ACTION ITEM: Would you restate, word for word, only the lines starting at the one with "Above & Beyond" and ending with the final line of the entries below? Pictures stay out.

[Short text fragments from websites]
□ □ □ □ □ □ □
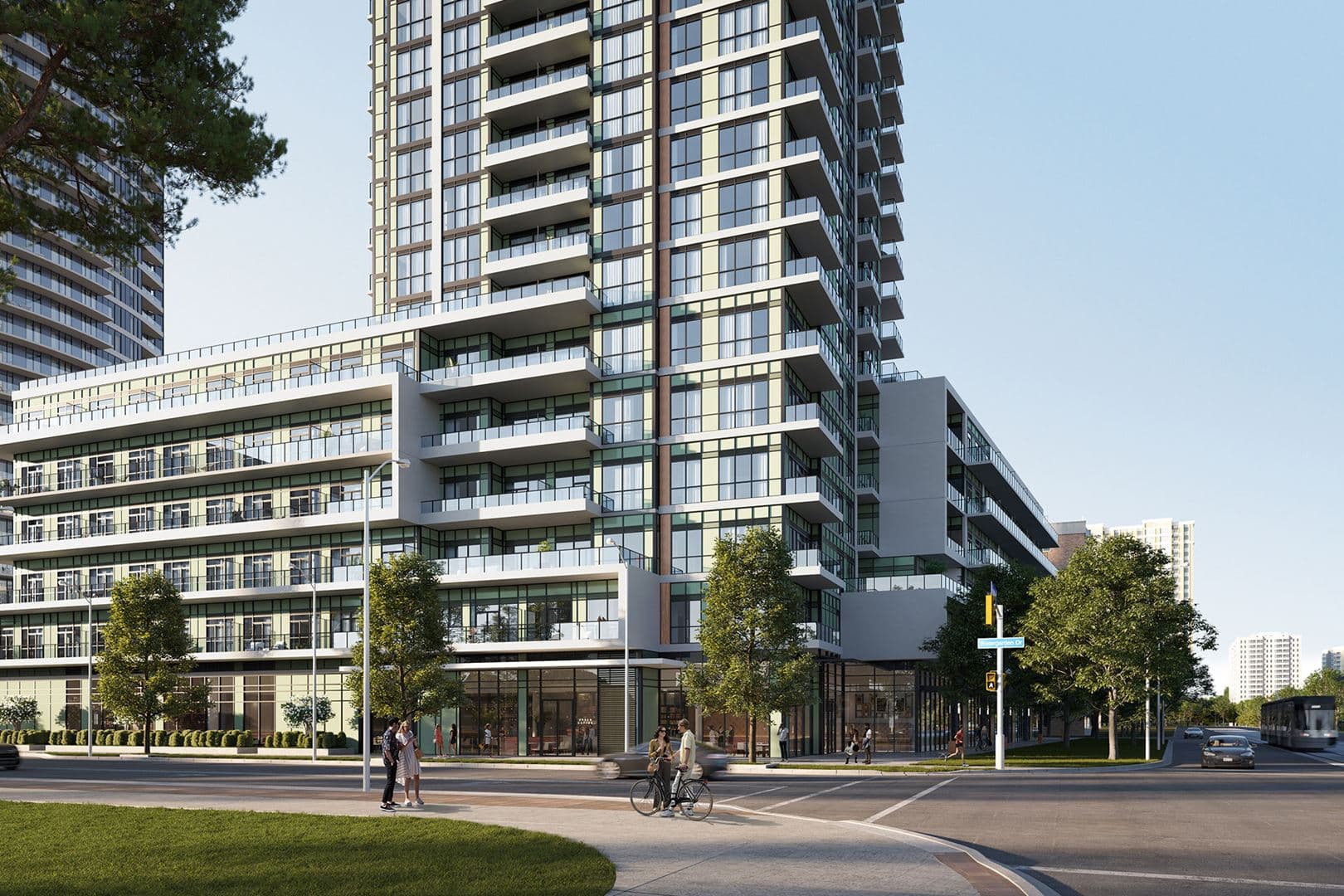 Gemma Condos - Image 4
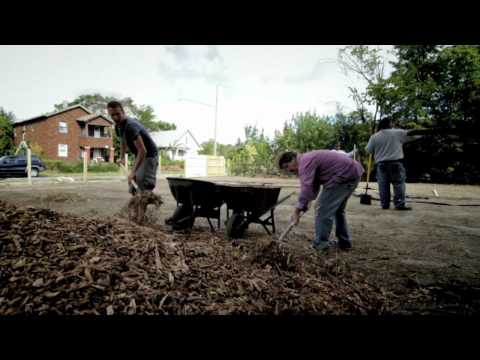 Above & Beyond & Gareth Emery pres. OceanLab – On A Good Day (Metropolis) OFFICIAL HD VIDEO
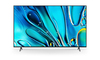 Scheda Tecnica: Sony BRAVIA 3 - 75" 4096x2160 4K HDR LED Display - with Google TV, including 3 years PrimeSupport
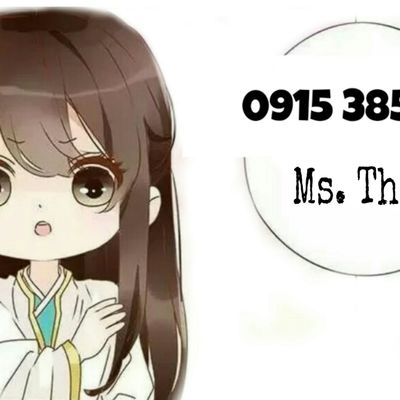 Rổ nhựa sóng nhựa đựng hàng công nghiệp - nông sản - thủy hải sản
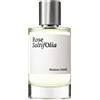 Maison Crivelli Rose SaltifOlia EDP 100 ml UNISEX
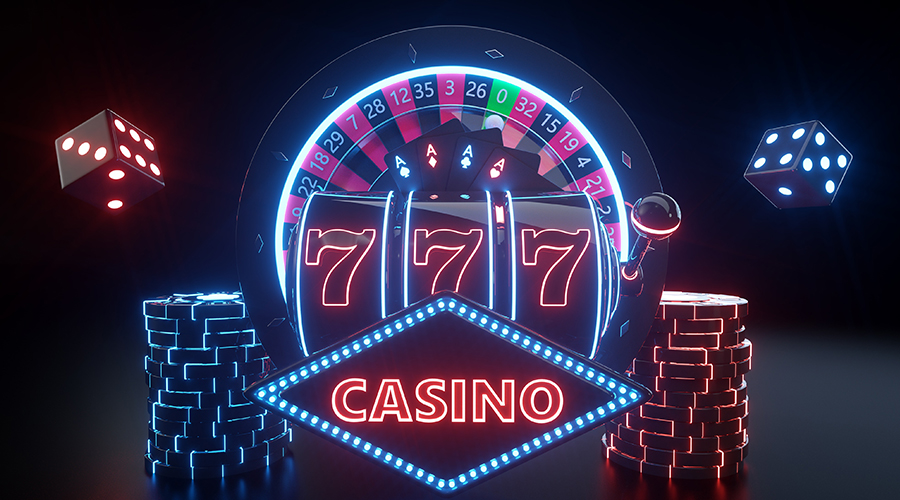 King's Chip Casino Registration Process 27 King's Chip Casino Registration Process 27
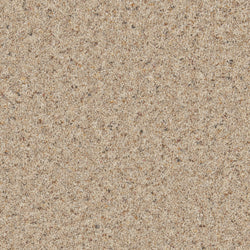 Cormar Natural Berber Deluxe Mohair Carpet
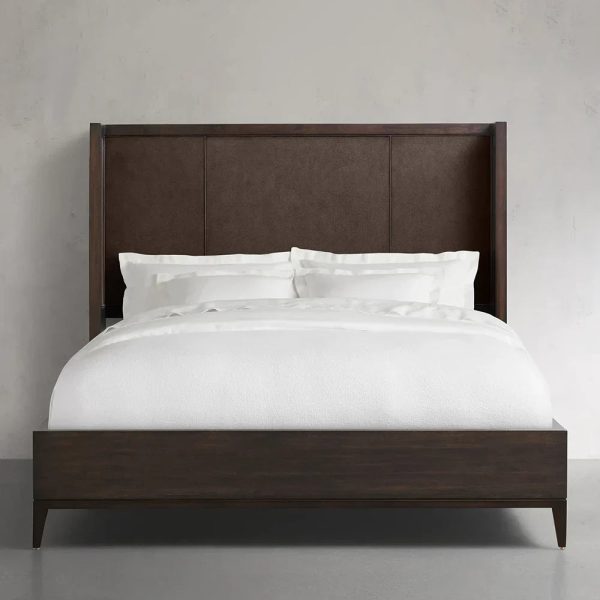 Malone Shelter Bed - Image 8
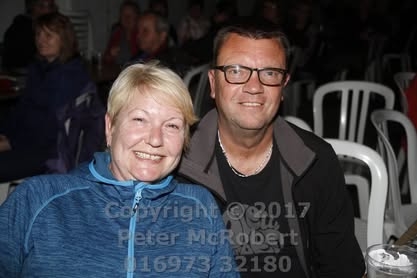 2017 beer festival thurs pic (15)
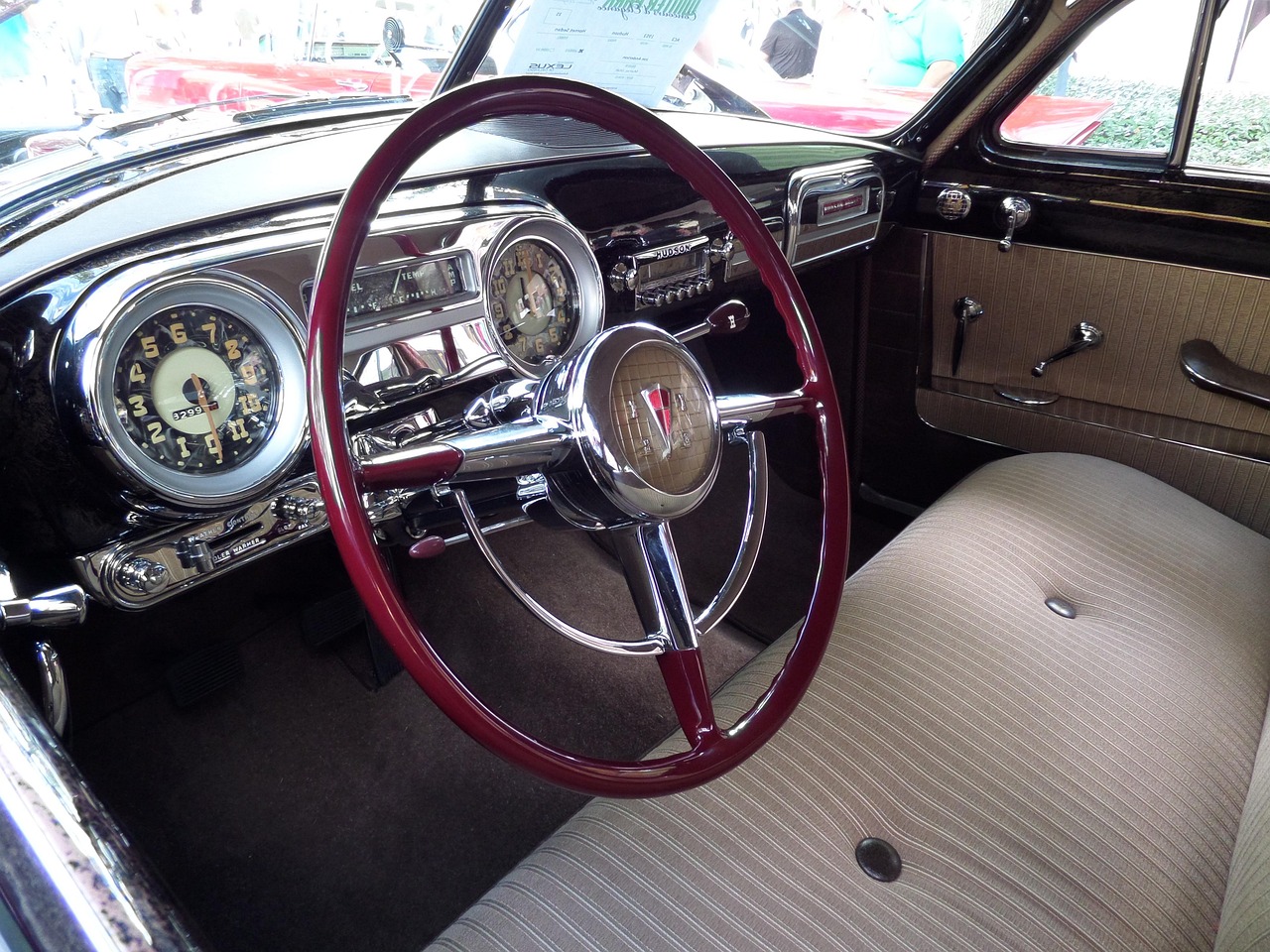 林肯最新系統(tǒng)引領(lǐng)智能科技與汽車行業(yè)的革新風(fēng)潮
□ □ □ □ □ □ □
WRITTEN ANSWER:
 Above & Beyond & Gareth Emery pres. OceanLab – On A Good Day (Metropolis) OFFICIAL HD VIDEO
 Scheda Tecnica: Sony BRAVIA 3 - 75" 4096x2160 4K HDR LED Display - with Google TV, including 3 years PrimeSupport
 Rổ nhựa sóng nhựa đựng hàng công nghiệp - nông sản - thủy hải sản
 Maison Crivelli Rose SaltifOlia EDP 100 ml UNISEX
 King's Chip Casino Registration Process 27 King's Chip Casino Registration Process 27
 Cormar Natural Berber Deluxe Mohair Carpet
 Malone Shelter Bed - Image 8
 2017 beer festival thurs pic (15)
 林肯最新系統(tǒng)引領(lǐng)智能科技與汽車行業(yè)的革新風(fēng)潮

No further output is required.